Anthony Davis is sure to be invited, as is Kyrie Irving. But let's consider for a moment the impact of possibly inviting John Henson: what happens to the defense when you pair Henson and Davis? Absolutely no inside game for opponents, that's what.

And you'll have Irving dropping the ball in their laps for easy money.

So today the U.S. gets Argentina again, for the third time in less than a month. People will naturally focus on the score in the last game, which the U.S. won handily, 126-97. But we'd urge you to consider two things before investing too much hope into that:

1) Six out of eight quarters have been quite close.

2) Luis Scola's comment after this week's game, where he said that no one was going to beat the U.S. if they scored 126 points.

3) We'll toss this in for the bonus round: think Carmelo Anthony is going to be pissed?

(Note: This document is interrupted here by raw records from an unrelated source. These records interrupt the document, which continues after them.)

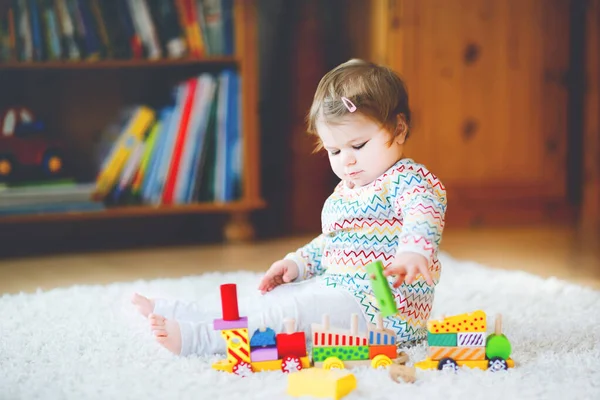 Liten flicka leker med pedagogiska träleksaker hemma eller på dagis. Småbarn med färgglada tåg. Barn som har roligt med olika leksaker. Ensam unge under koronaviruspandemisk karantän — Stockfoto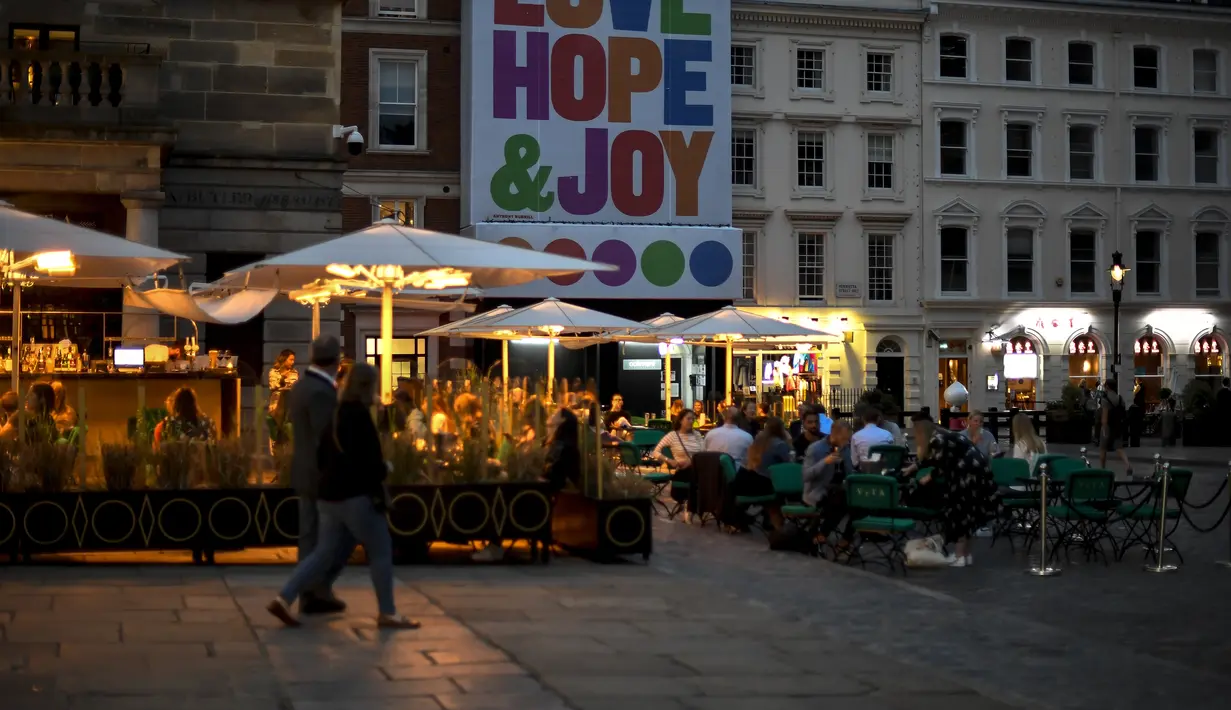 Orang-orang makan dan minum di Covent Garden, di London, Selasa (22/9/2020). Perdana Menteri Inggris, Boris Johnson, telah mengumumkan bahwa pub dan restoran tutup pada pukul 10 malam, karena lonjakan kasus virus corona di seluruh Inggris. (AP Photo / Alberto Pezzali)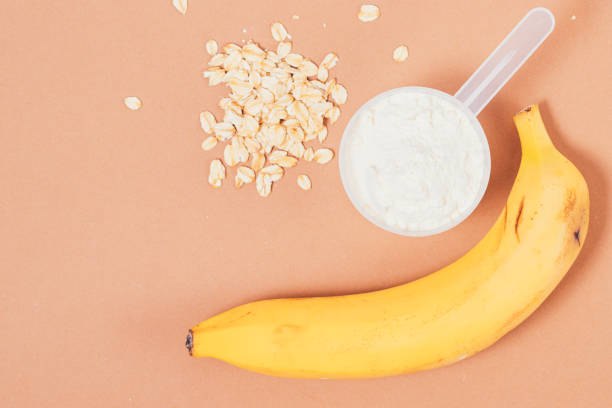 Healthy breakfast protein powder next to fresh banana stock photo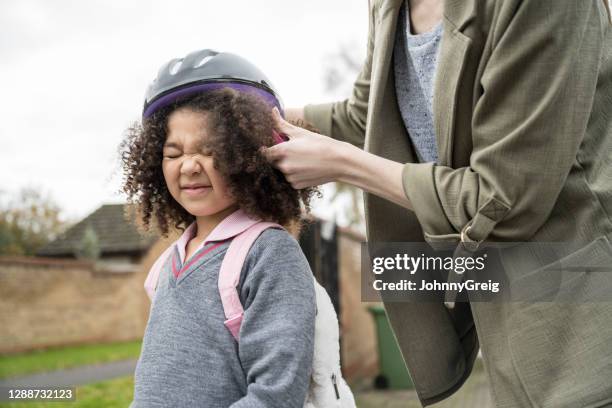 colegiala gruñendo mientras su madre se pone el casco de ciclismo - demasiado pequeño fotografías e imágenes de stock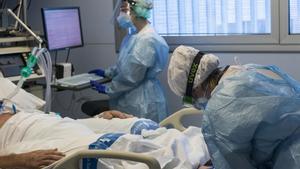 Personal sanitario atiende a un paciente ingresado en la Unidad de Cuidados Intensivos para enfermos de coronavirus del Hospital Josep Trueta de Girona.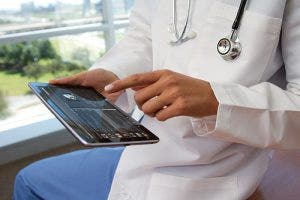 A doctor interacts with an electronic device to digitally communicate with patients.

Let's back up though, to bullet #1: for the most part, Argentina has kept up, and part of the reason why they got blown out in the final game of pool play is that the U.S. got mad with the chippy play, not least of all Facundo Campazzo's low blow against Anthony, who, as we say, is likely to play with a certain level of irritation.

As for Scola, not to go all Sherlock on you, but it's pretty clear from his comments that his coach is speaking through him, albeit a bit cryptically, and that the idea was to slow the U.S down (and will be again).

Easier said that done of course; no one has slowed this team down much at all.

Here's a thorough look at how Argentina will come at the U.S. by Zach Lowe.

Still, the problems remain the same: Argentina is a superb team, though aging, and they already face a talent deficit, made worse by angering the vastly more talented Americans, who, we suspect, are going to want to put their foot down early.

Aside from unfortunately angering the players, whatever is said publicly, those who follow Duke closely know that Coach K is (typically) far more competitive than his players and does not take kindly to slights or insults or physical provocations.

We will be very surprised if the U.S. doesn't come out with a ferocious intensity.

By the way, how might the Dwight Howard trade affect the game? It has an immediate effect on Andre Iguodala and a lesser one on Kobe Bryant. Just food for thought.